A 27-year-old woman who spent nearly a year of her life bringing the Gospel to various corners of the world was killed in a car crash caused by a suspected drunk driver in Colorado last weekend.
Kelly Anne Broderick passed away last Saturday morning after the car she was riding in was struck by a wrong-way driver on Denver’s Santa Fe Drive, police revealed.
According to 9News.com, the crash occurred at around 2:30 a.m. after a vehicle driving southbound on the northbound lane of the roadway sideswiped the car that Broderick was in. Police say that Broderick died at the scene.
Broderick, who participated in the 11-month Christian mission trip The World Race in 2016, was being given a ride from a friend to the airport when the crash occurred. She was to depart to Iceland.
Broderick’s friend was injured in the crash and has since been released from the hospital, according to the family.
Denver police arrested 27-year-old Amanda Morris for suspicion of driving under the influence of alcohol and vehicular homicide. The police claimed that Morris had slurred speech, bloodshot eyes and smelled of alcohol at the scene of the accident.
Broderick was originally from Jacksonville, Florida, but moved to Denver in the summer of 2017.
A memorial service has been planned for Dec. 8 in Jacksonville, Florida.
Broderick’s participation in The World Race allowed her to serve the “least of these” in countries like Albania, Cambodia, Greece, Lesotho, Malaysia, Philippines, South Africa, Thailand, Vietnam, Zimbabwe and the United States.
“Our ministry was mainly relational anywhere we went and had us spending most of our time with teenagers and loving them through playing card games or ping pong, having girls’/boys’ nights to pull them away from their phones, and hearing their stories,” Broderick wrote on her blog.

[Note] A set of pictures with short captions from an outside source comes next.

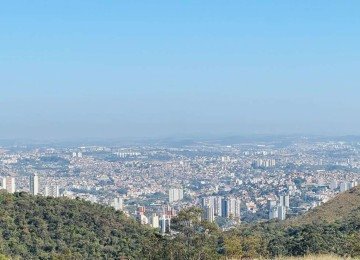 A umidade relativa do ar deve atingir o menor índice no período da tarde, ficando em torno de 30%. -  (crédito: Edésio Ferreira/EM/D.A Press)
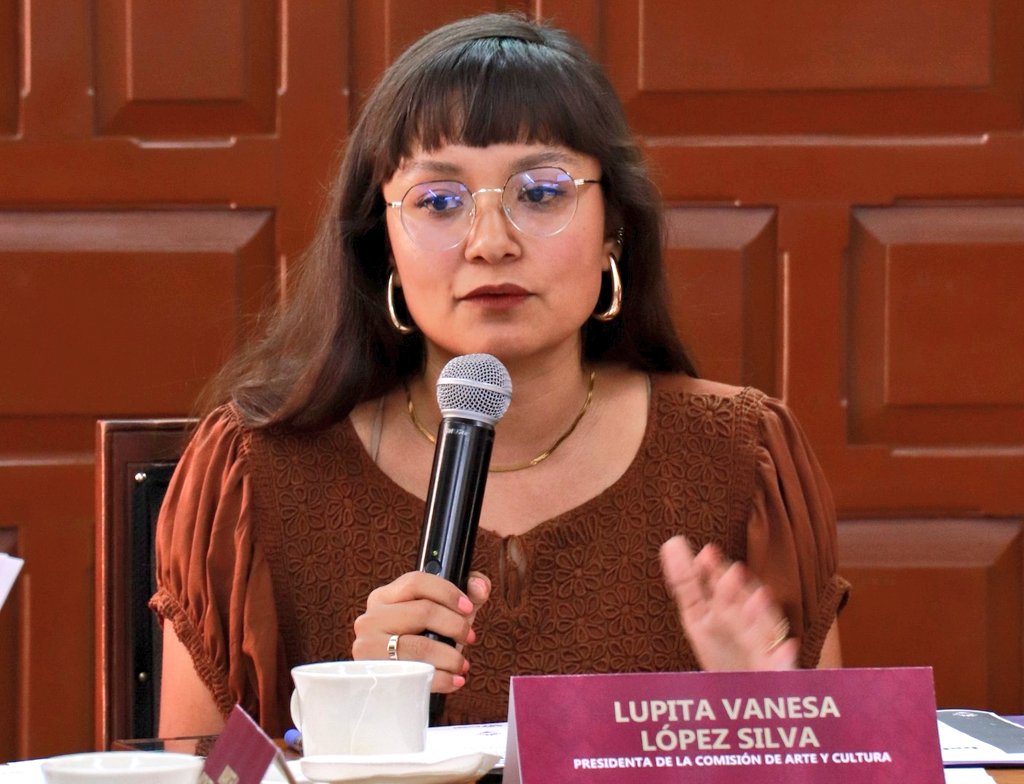 Cabildo aprueba salida de Lupita Vanesa López Silva para asumir Secretaría de Bienestar
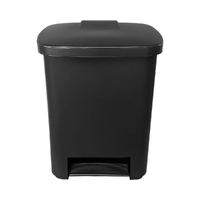 Lixeira com Pedal 16 Litros Lar Plásticos: Higiene e Durabilidade - imagem 3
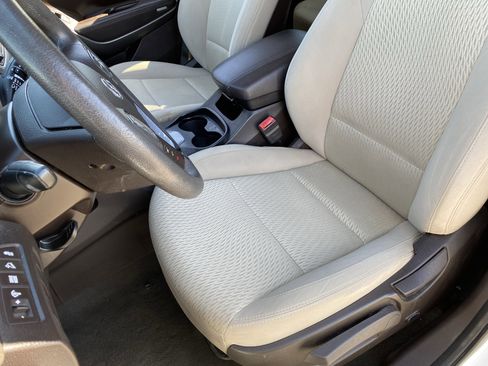 Used 2017 Hyundai Santa Fe Sport FWD image 16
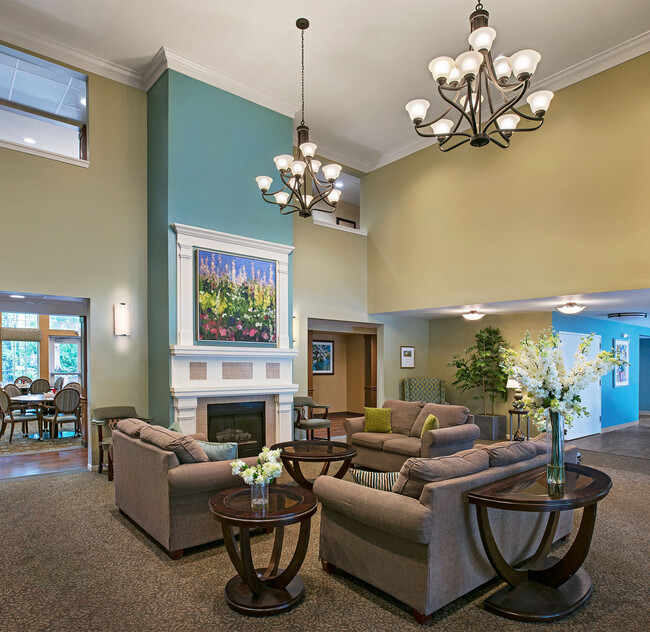 Lobby Area - Grand Woods Senior Apartments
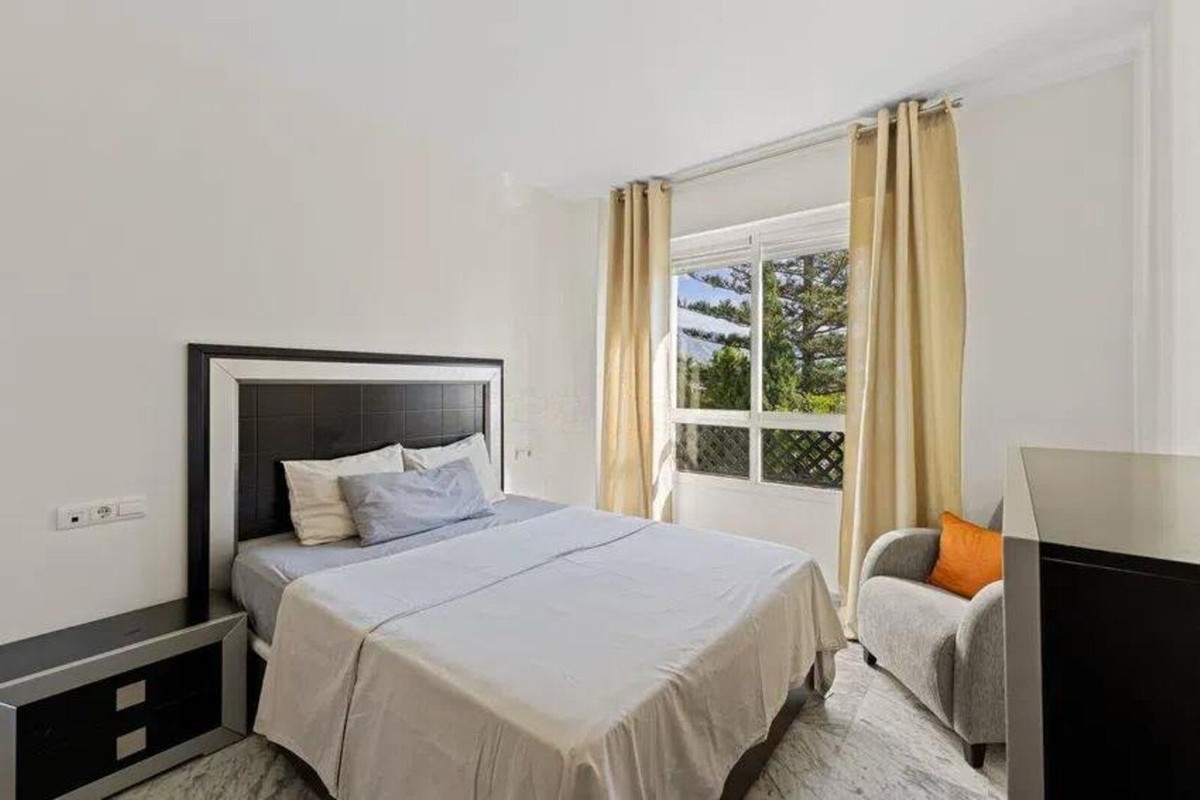 Appartement te koop in San Pedro de Alcántara | 2 slaapkamers H5506918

According to her blog, she had to raise $16,627 to participate in The World Race mission trip.
“Jesus did not come and die for us so we would walk with our heads low comparing ourselves to others and constantly tearing ourselves down,” Broderick wrote before she left for her trip. “He came so I could claim my place in His eternal kingdom and title as His daughter. Not so I would have to earn it, but so I would be freely given it. He came so I would be given a white wall every day for Him to create in me what He has.”
While on her trip, Broderick’s uncle died and she was not able to attend the funeral.

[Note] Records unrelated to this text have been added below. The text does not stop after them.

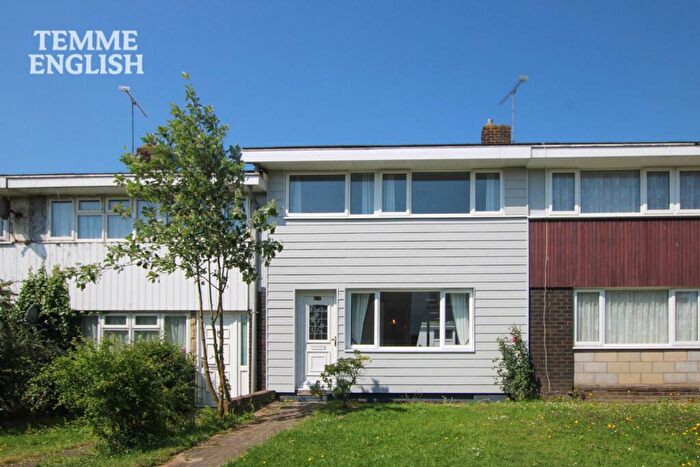 3 Bedroom Terraced House For Sale In Woolmer Green, Basildon, SS15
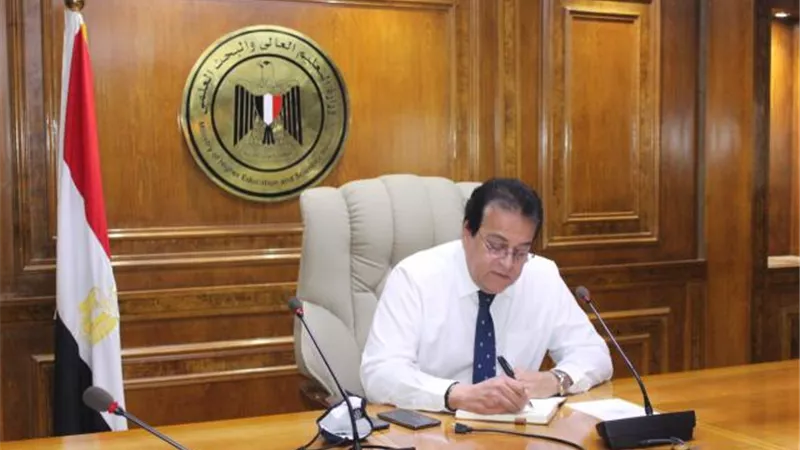 بالصور .. تفاصيل اجتماع عبد الغفار مع مساعديه لمتابعة العمل بمشروعات الوزارة خلال المرحلة القادمة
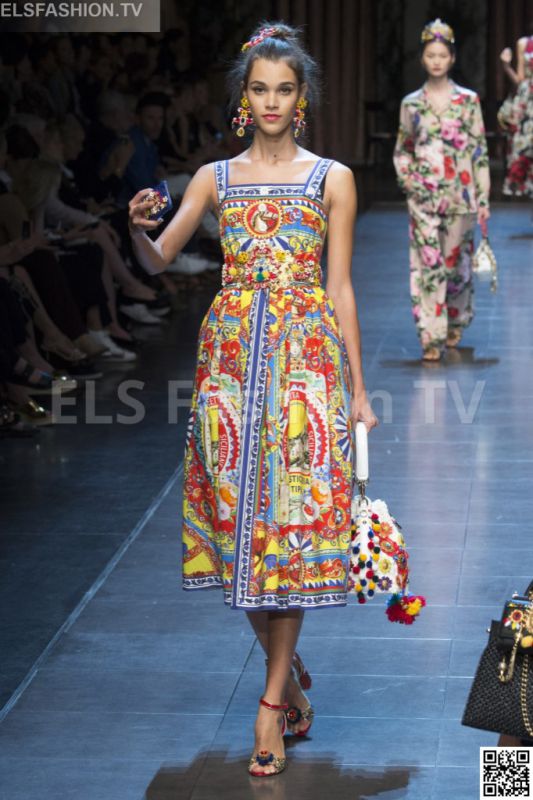 Dolce & Gabbana SS 2016 MFW access to view full gallery. #DolceandGabbana #MFW15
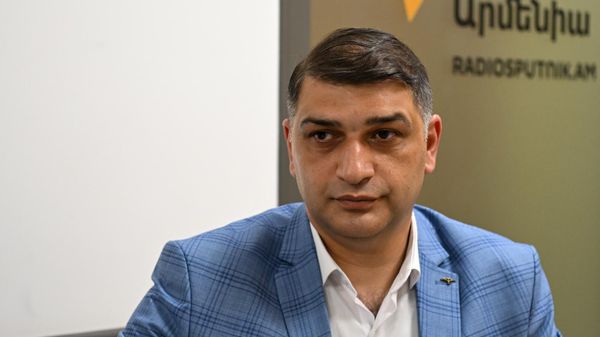 Մհեր Աբրահամյան - Sputnik Արմենիա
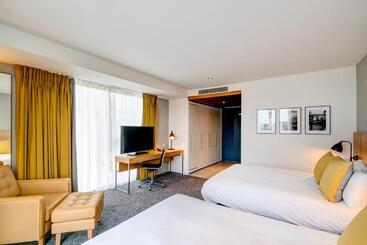 Apex City Quay Hotel & Spa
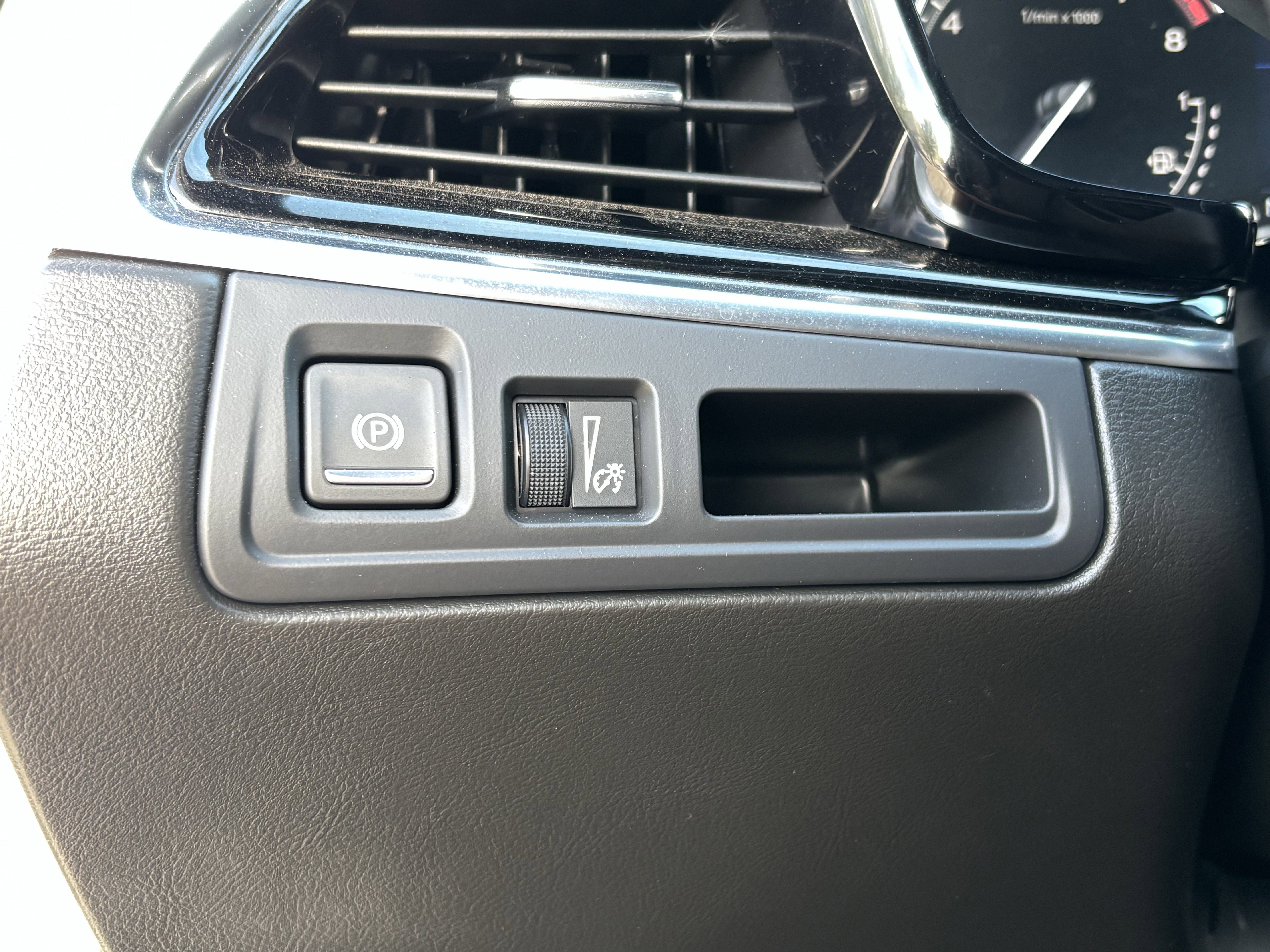 Used 2025 Cadillac XT6 Premium Luxury image 29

Those who had interactions with Broderick voiced their sorrows on Broderick’s memorial website. Those who knew her said she was a strong athlete, had an infectious smile and just wanted to help people.
“When I think of Kelly Anne I think of walking into church on Sunday mornings,” churchgoer Elizabeth Baur wrote on the website. “I’m not sure if she volunteered as a greeter every Sunday or was just always standing there each week ready to say hi to everyone with her joyful smile; I always loved walking in and seeing her. Like many have said, she brought joy with her wherever she went and her smile was so contagious.”
Over 4,500 people have participated in The World Race and over 80 countries have been reached by World Racers.